Ode de Toilet

photo courtesy of

Back in ’93, my neighbors in Houston were an unusual couple:  Johnny and Karen.  He was Mexican as can be, albeit a tall Mexican (the rarest kind! Ha!), and she was from Germany.  When I mentioned that Honey and I were packing up our lives and children and moving to London, Karen beamed and said, in her vaguely clipped but excellent German/American accent, “Oh, you will just LUFF the British!  They are Wonderful!”  And she was, of course, right.  She then leaned into a conspiratorial closeness, adding, “Just wait until you see the toilets!”  Confused and a trifle alarmed, I replied, “What about them?”  “Oh, YOU’LL see…” she whispered darkly.  And so I have.

photo credit:

That is a LOT of pipe right there…

British sanitary ware (the toilet, if you will, but for those of us with American sensibilities, this is an uncomfortable and slightly embarrassing word at best) is little short of an adventure.  Or, to quote Forrest Gump, “You never know what yer gonna get.”  Will it be a box hung just eyebrow height on the wall poised to black your eye?  You know the ones – the classic WC, where the tank and the bowl are separated by a yard or more of piping and the mechanism is triggered by pulling a long chain that looks to have been recovered from a Medieval torture chamber, a relic of the Inquisition softened only by its hand-painted china handle.  They look slightly romantic filled with pansies and watercolored onto “Victorian” greeting cards in Midwestern gift shops, but in reality, not the most efficient of man’s inventions.  Mind, it is a step above the chamber pot.  Just.
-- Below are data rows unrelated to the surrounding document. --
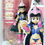 Miniatura: Kid Chichi Milk "DRAGON BALL" SH FIGUARTS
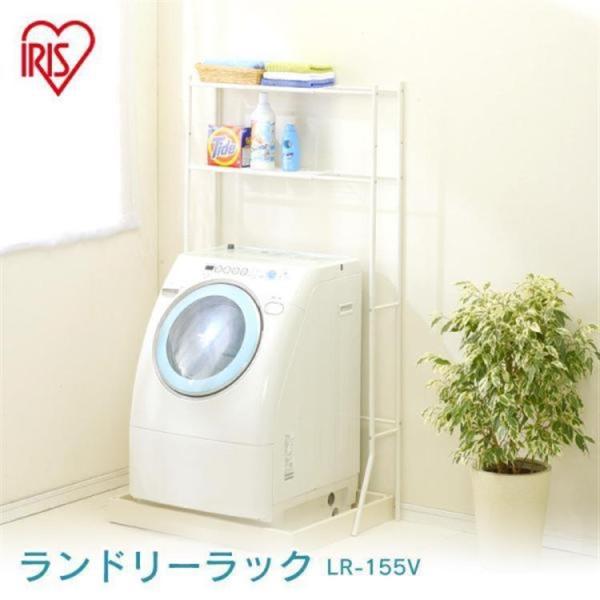 洗濯機ラック ランドリーラック 洗濯機 ラック 収納 洗濯ラック 洗濯機収納 洗濯機上 収納ラック ...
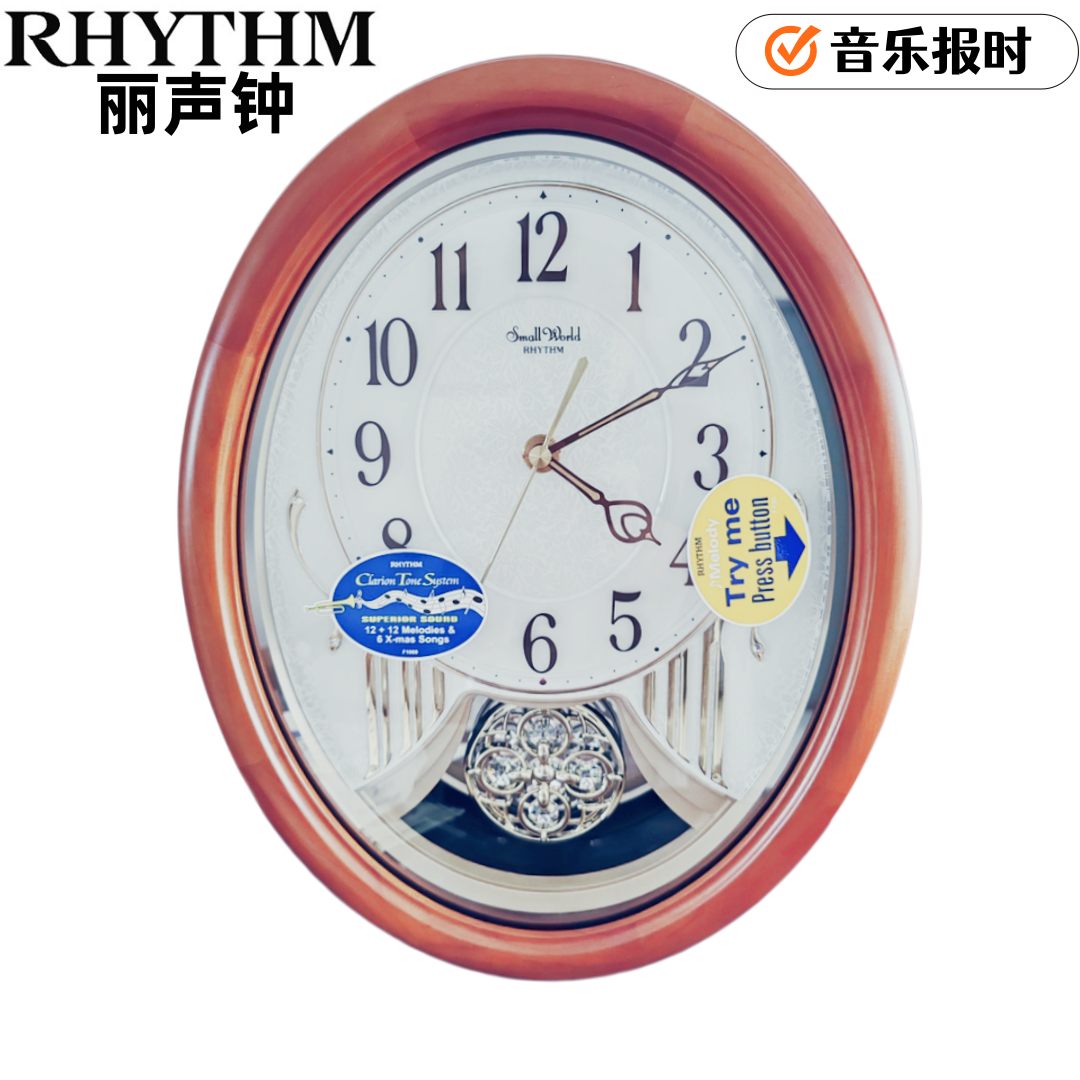 RHYTHM丽声钟椭圆形整点音乐报时挂钟木质复古时钟客厅4MJ407WD06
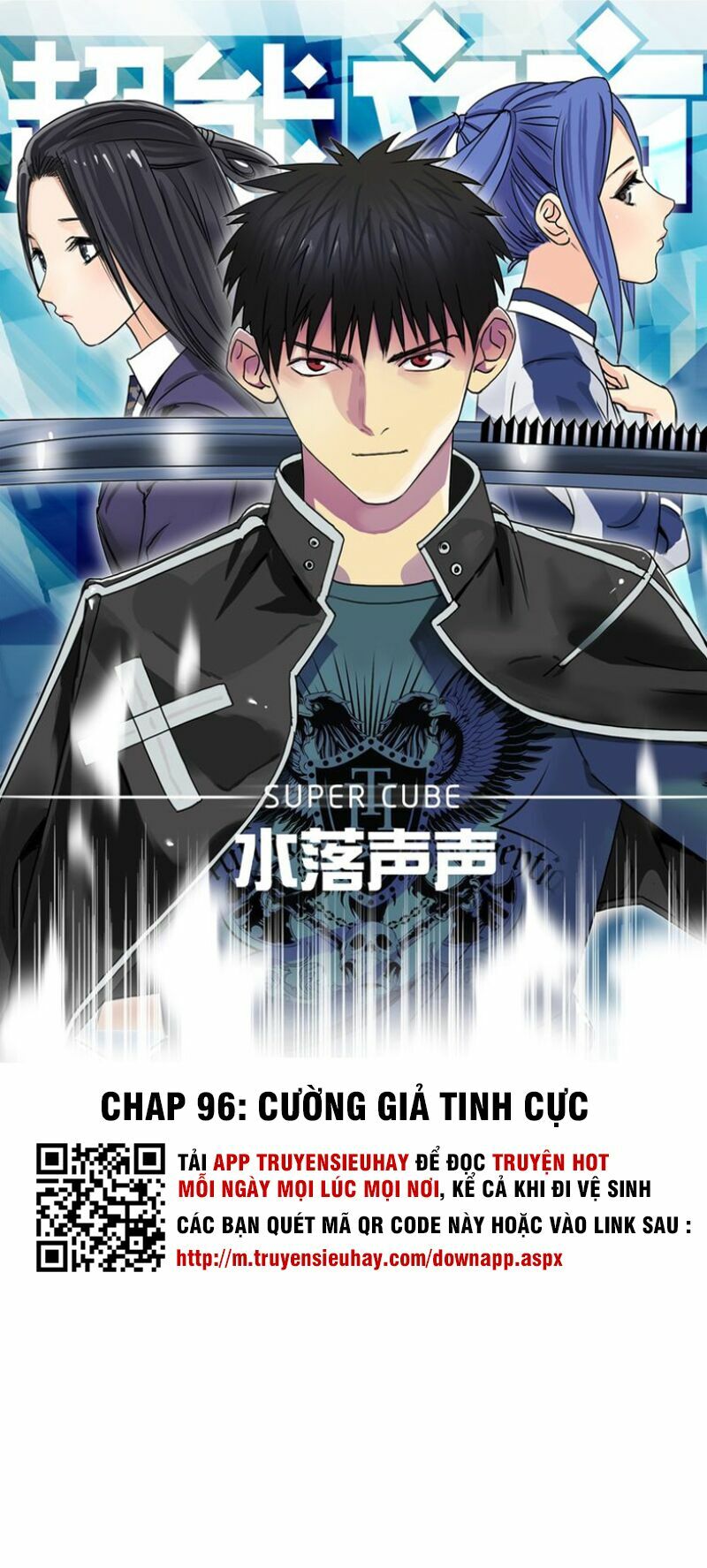 Siêu Năng Lập Phương: Chapter 96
In the 50s, the design of the toilet over here changed slightly.  There was still a separate tank and bowl, but through the mid 1900’s apparently a separate tank and bowl, but through the mid 1900s apparently a separation of only 18 inches to 2 feet sufficed.  Uber modern.  These are the decorative equivalents of the Reliant Regal, yet some of these have FANTASTIC water pressure.  You flush and it’s like you’ve opened the gates on the log flume.

Other times, you have to repeatedly pump the lever to build up the water pressure – loo foreplay, if you will – priming for the actual flush.  When the toilet finally acquiesces to your ministrations, the whole room shudders and you get the sensation that this is not just disposal of your waste.


Seriously. Do we need all this pipe? What’s with the PIPE?

This, my friends, is a proper FLUSH.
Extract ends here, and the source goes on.